▶ _Work request_: Would you repeat the whole listing exactly, pictures excluded?

▶ _Given data_:
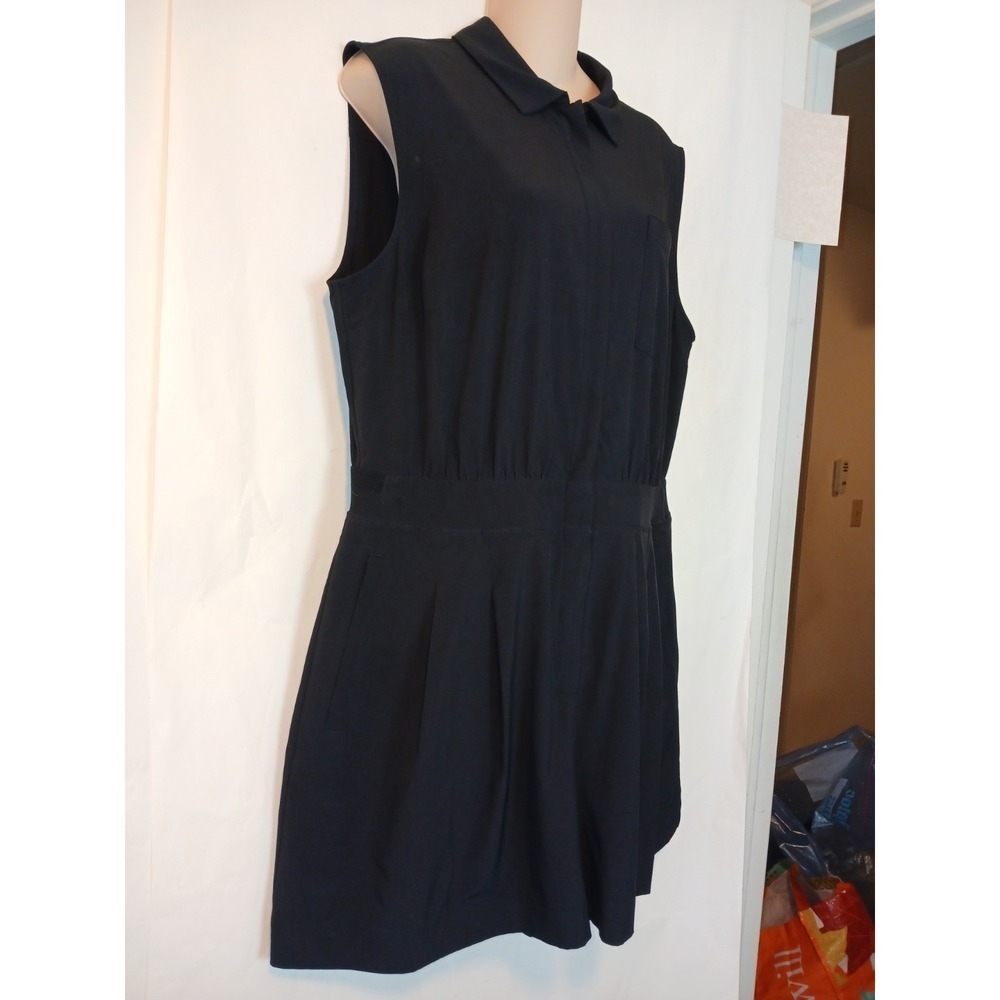 Athleta Womens Black Sleeveless Romper Zip Pockets NEW Size 16 D133 - Picture 6 of 9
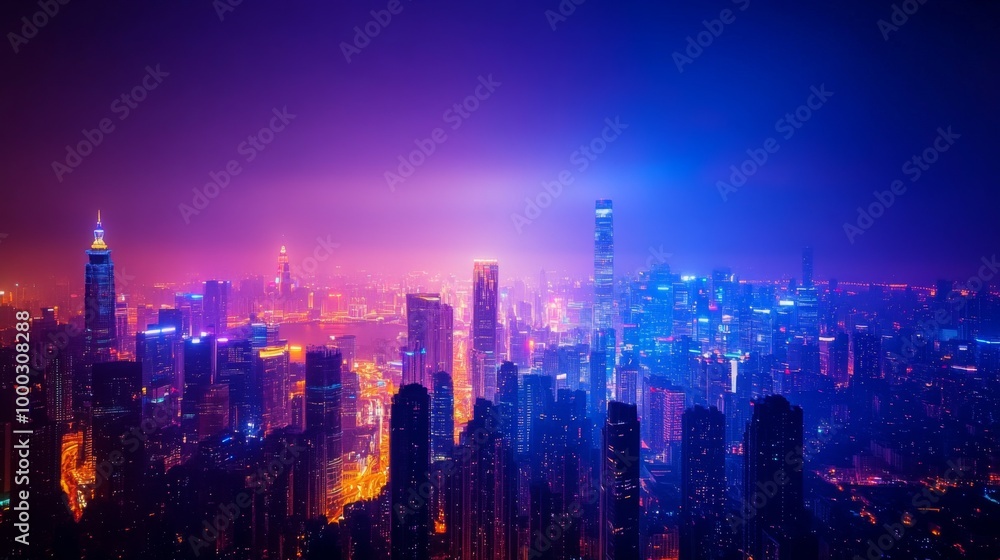 Futuristic Cityscape with Neon Lights Futuristic Cityscape with Neon Lights
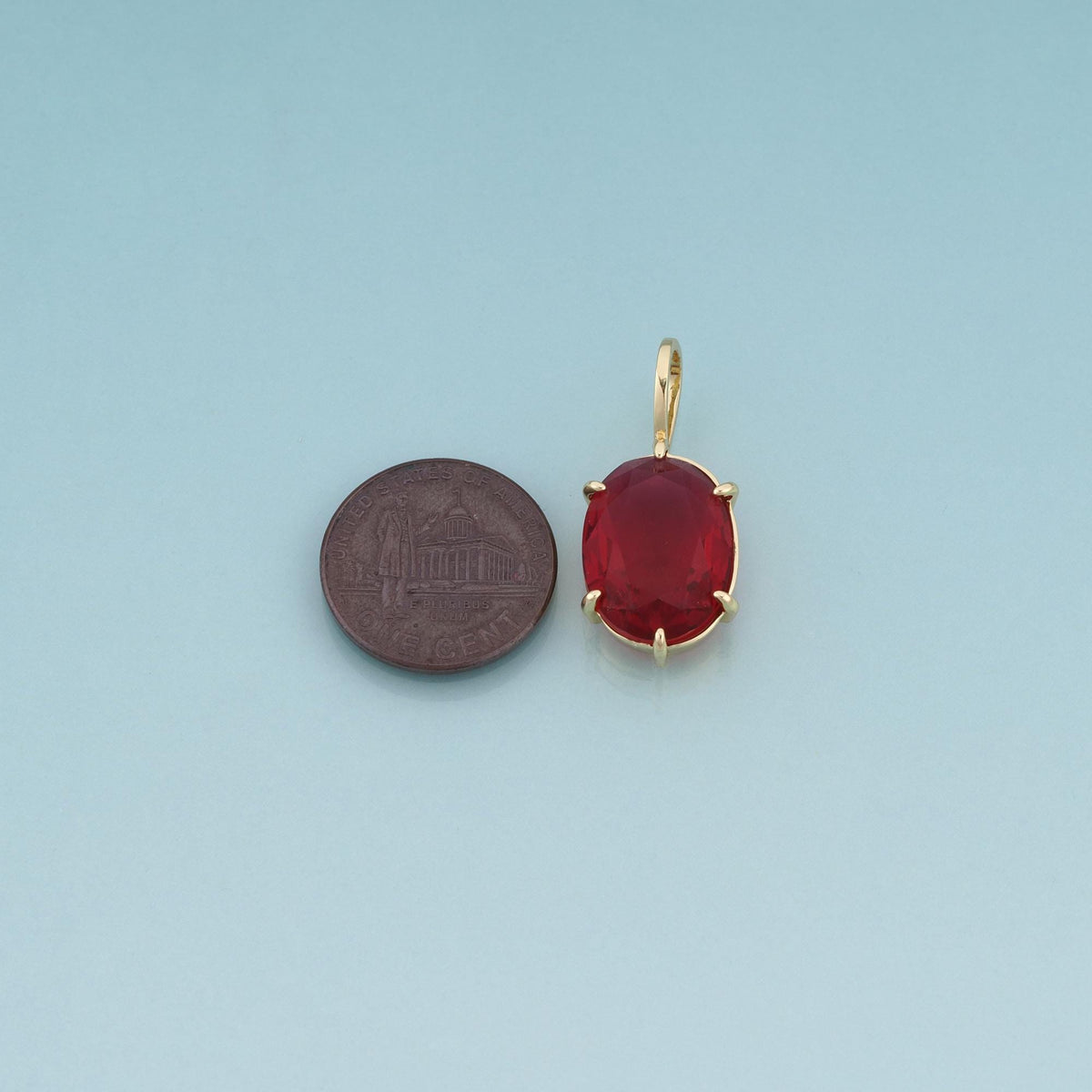 18K Gold Filled Oval Charm Pendant for Jewelry Making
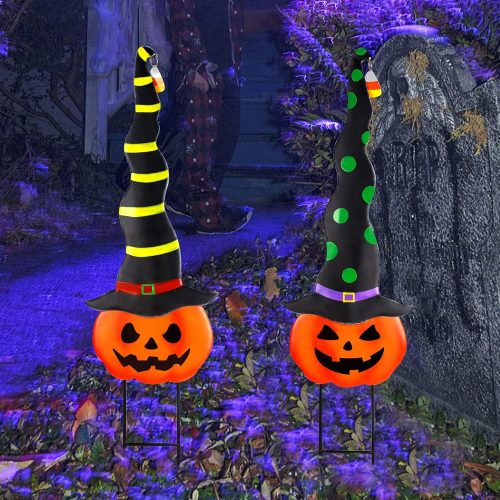2 Pack Halloween Garden Decorations, Metal Jack-O-Lantern Halloween Yard Stakes with Witch Hats, Scary Yard Sign Outdoor Lawn Decor, Metal Pumpkin Art Garden Stake, Garden Sculpture Ornament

▶ _Reply to the exercise_:
 Athleta Womens Black Sleeveless Romper Zip Pockets NEW Size 16 D133 - Picture 6 of 9
 Futuristic Cityscape with Neon Lights Futuristic Cityscape with Neon Lights
 18K Gold Filled Oval Charm Pendant for Jewelry Making
2 Pack Halloween Garden Decorations, Metal Jack-O-Lantern Halloween Yard Stakes with Witch Hats, Scary Yard Sign Outdoor Lawn Decor, Metal Pumpkin Art Garden Stake, Garden Sculpture Ornament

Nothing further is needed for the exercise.